Anche Netanyahu, se fosse invitato, dovrebbe poter parlare?
«No, lui dovrebbe essere arrestato».
Chi erano quelli che hanno protestato contro Fiano?
«Erano studenti non c’è dubbio, oltretutto se uno di loro avesse chiesto di intervenire, sono sicura che lo avrebbero fatto parlare. Sono piccoli gruppi, non sono la maggioranza, ma gli altri - e ci metto anche i professori e i rettori - stanno zitti perché sono impauriti. Io li capisco eh!».
In che senso li capisce?
«Ho insegnato per anni alla Sapienza e ho anche fatto il ‘68. Adesso che sono in pensione per me è più facile parlare, ma se domattina dovessi andare in aula a fare lezione, con la paura di trovarmi circondata dai pro-Pal, ci avrei pensato un po’ di più».
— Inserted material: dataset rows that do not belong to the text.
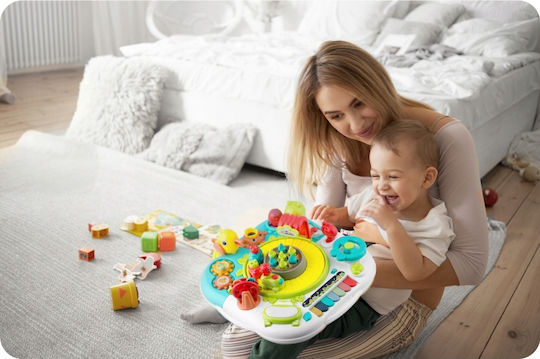 Ricokids Τραπεζάκι Δραστηριοτήτων με Μουσική για 18+ Μηνών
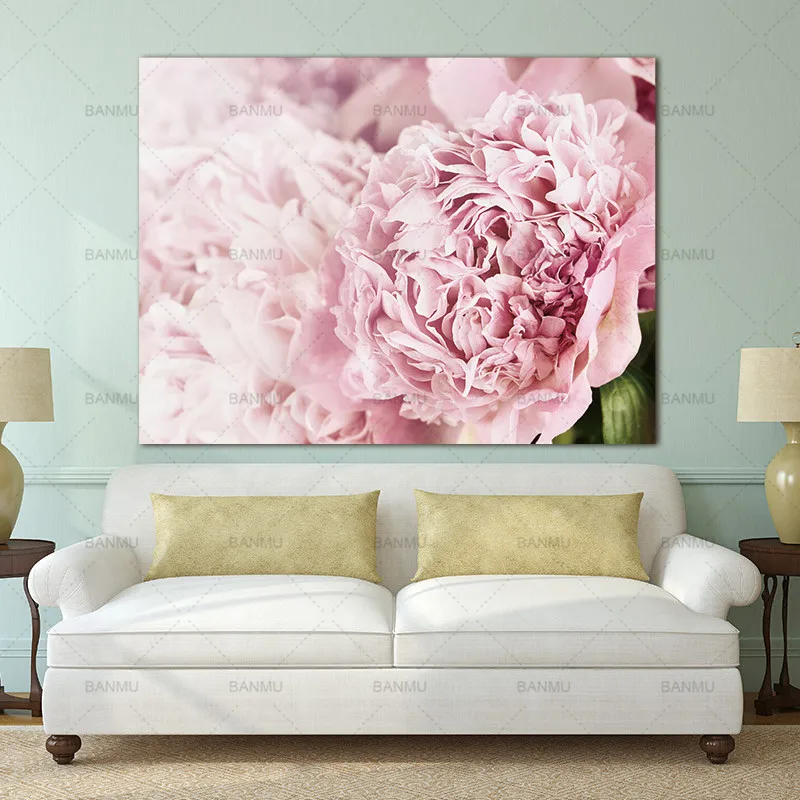 

Art Wall Pictures prints on canvas home decor Wall poster painting home decoration Canvas Painting flower art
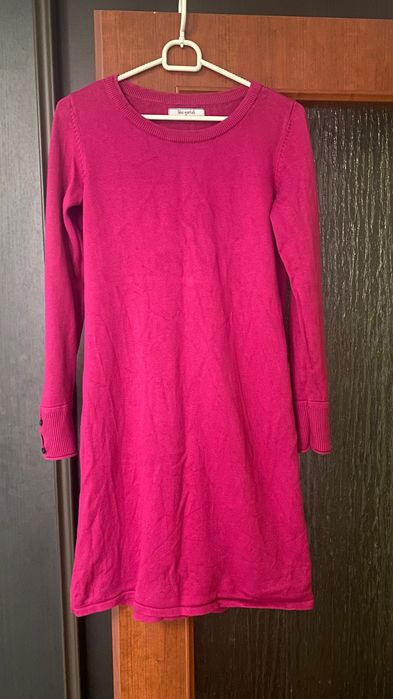 Rochie iarna fucsia mărimea S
Il paradosso è che se la sono presa con Lele Fiano che non ha mai nascosto le sue critiche al governo israeliano. Perché proprio lui?
«Ma questi non sanno neanche chi sia Fiano, gli basta che ci sia un ebreo che parla di Israele per accendersi. Ho apprezzato che Fiano abbia insistito a uscire dall’aula dopo di loro, per non dare l’idea che veniva cacciato. L’ho ammirato molto per questo».
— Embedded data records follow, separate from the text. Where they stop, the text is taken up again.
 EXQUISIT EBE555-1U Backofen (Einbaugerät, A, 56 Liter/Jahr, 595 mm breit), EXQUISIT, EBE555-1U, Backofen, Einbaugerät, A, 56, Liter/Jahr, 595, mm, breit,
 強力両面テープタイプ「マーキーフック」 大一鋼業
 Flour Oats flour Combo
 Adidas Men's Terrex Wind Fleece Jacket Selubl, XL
Quello di Ca’ Foscari è un caso isolato?
«No, è successo qualcosa di simile già a Torino e a Milano. E molte decisioni di interrompere i rapporti con università israeliane vengono decise su pressione degli studenti, per paura che mettano a ferro e fuoco le università».
Anche con la Russia però alcune università hanno deciso di congelare i rapporti. Non è la stessa cosa?
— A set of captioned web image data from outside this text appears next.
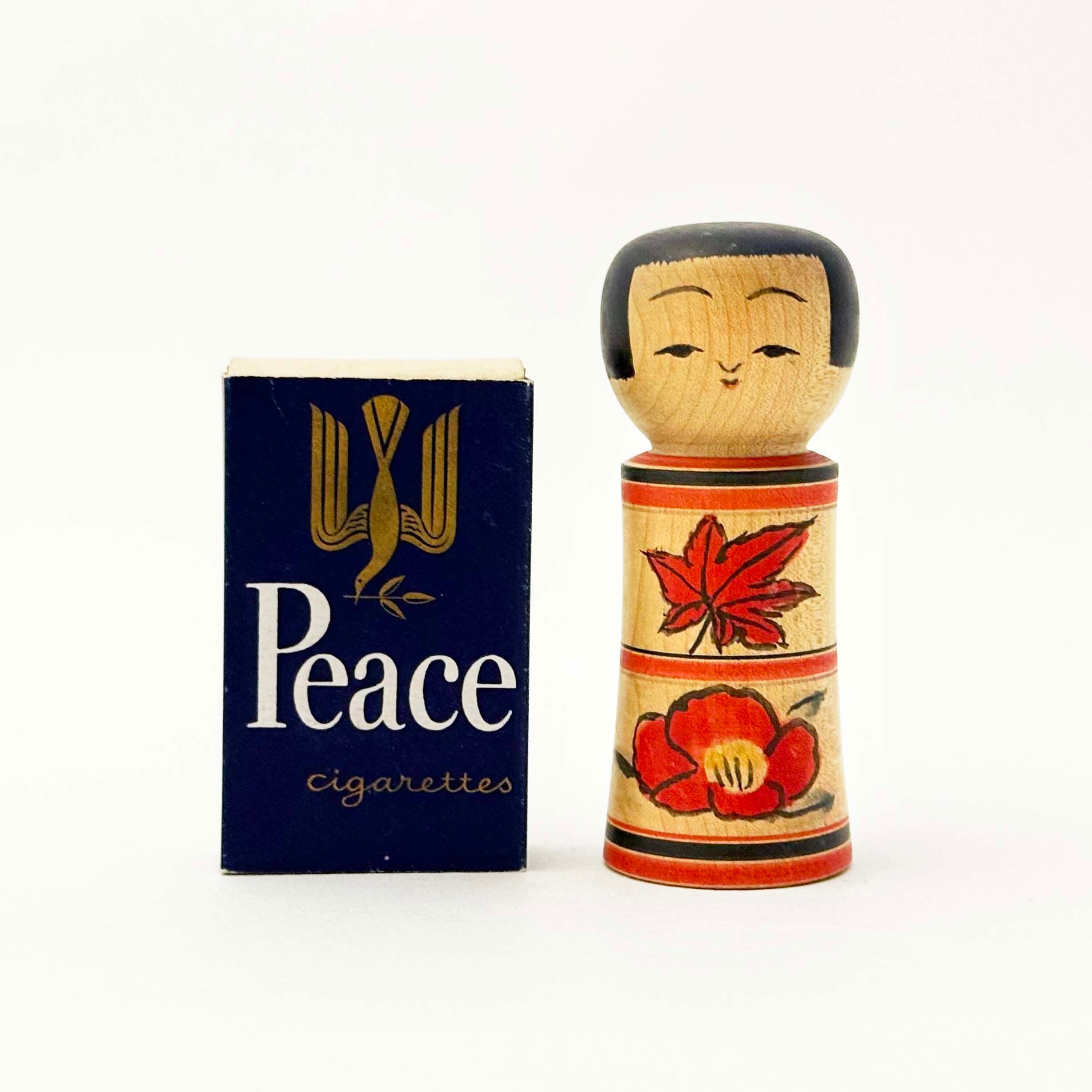 津軽系 / 山谷きよ工人（楓と椿）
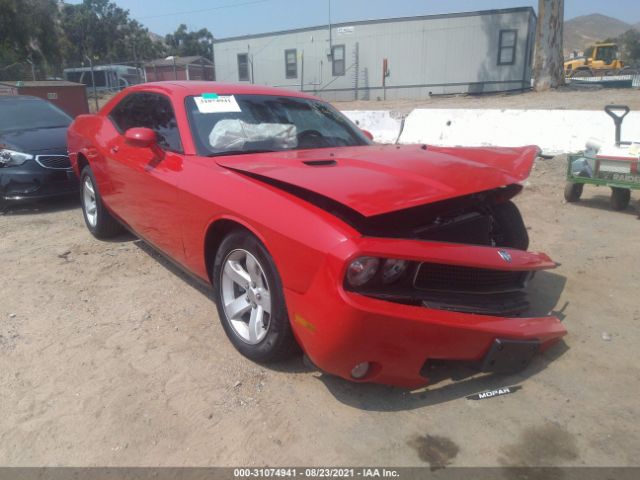 DODGE CHALLENGER 2014 2c3cdybt6eh269926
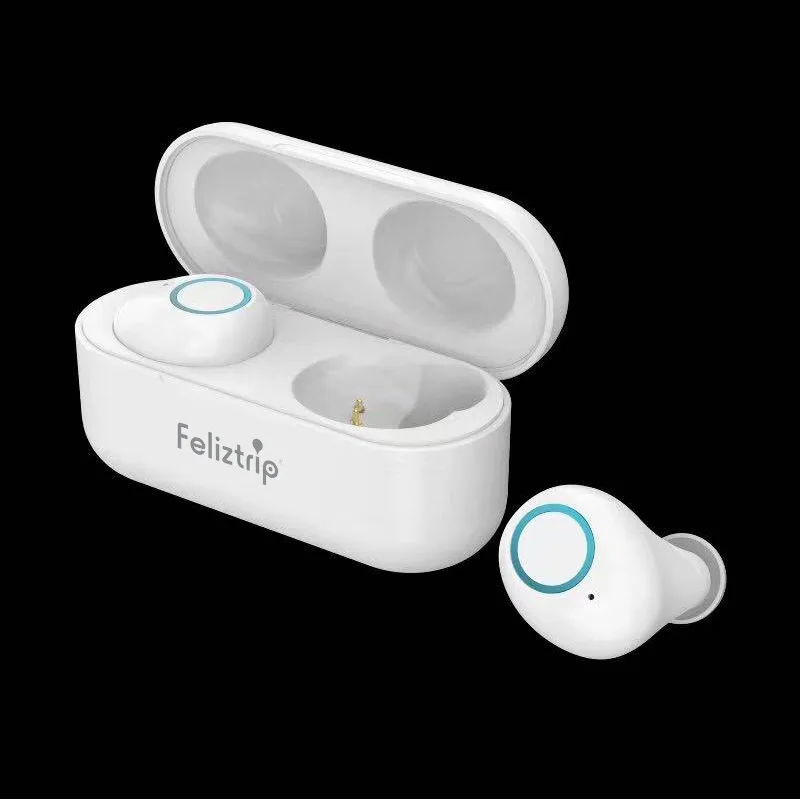Feliztrip TR TWS T9 Bluetooth наушники/Беспроводная гарнитура истинная беспроводная 3 5 часов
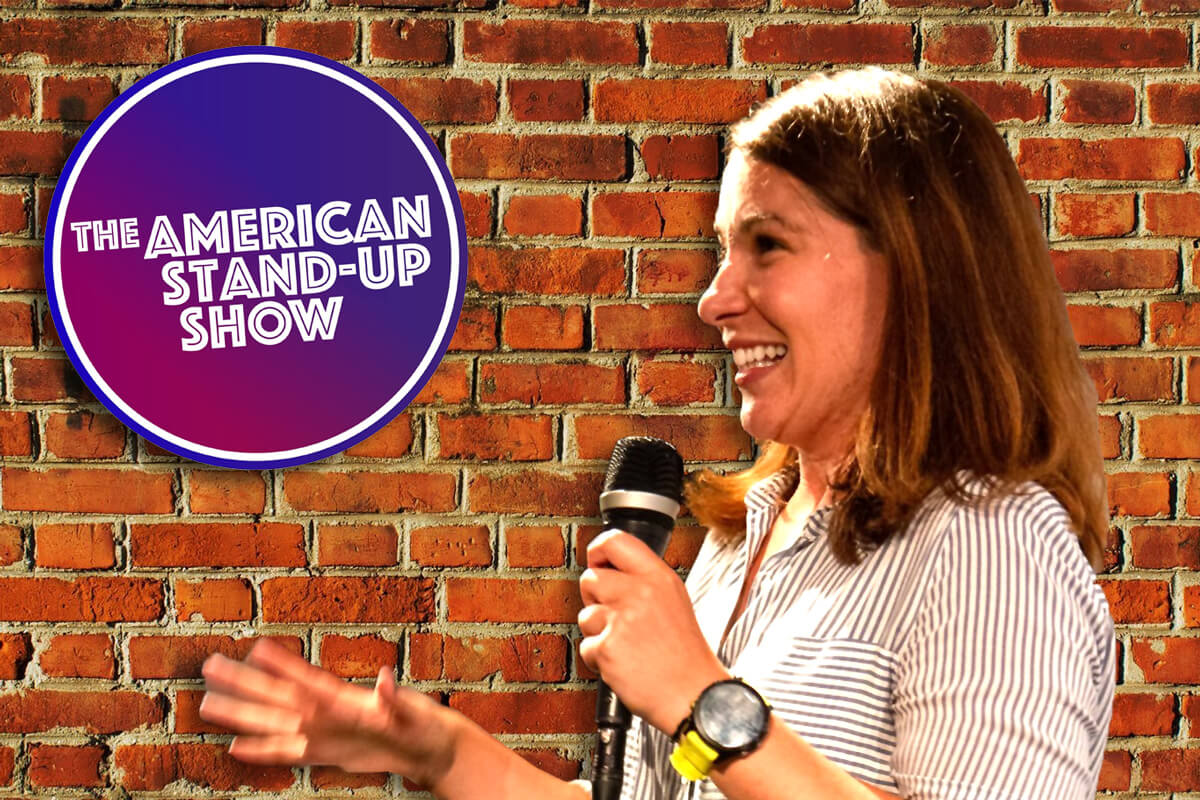 The American Standup Show feat. Vanessa Lepine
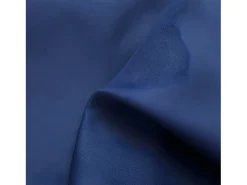 Cortina opaca con anillas de metal azul 290x245 cm ES878724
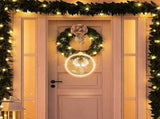 Christmas Decorative String Lights for Window, Acrylic LED Night Lights for Christmas, Birthday V1263-JX-1754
«No, per niente. La Russia ha invaso un Paese libero e sovrano, violando il diritto internazionale, Israele ha fatto una guerra per riprendersi gli ostaggi dopo il sanguinoso pogrom di Hamas. Sono due scenari molto differenti».
È un segnale politico al governo israeliano la sospensione dei rapporti accademici non crede?
«La condanna della guerra a Gaza è conto, un altro è fare come l’università di Pavia, che ha interrotto un rapporto con un docente israeliano di farmacologia. Cosa c’entra la farmacologia con Gaza?».
Pensa che ci sia un problema specifico a Ca’ Foscari?
«Non ho mai insegnato lì, non lo so. Io facevo parte di un comitato etico, ma da esterna. Suppongo che la rettrice non sia una pro-Pal scatenata, che sia rammaricata per quanto accaduto. Ma allora perché non è intervenuta prima? Penso si sia trattato di un cedimento nei confronti di questi gruppi».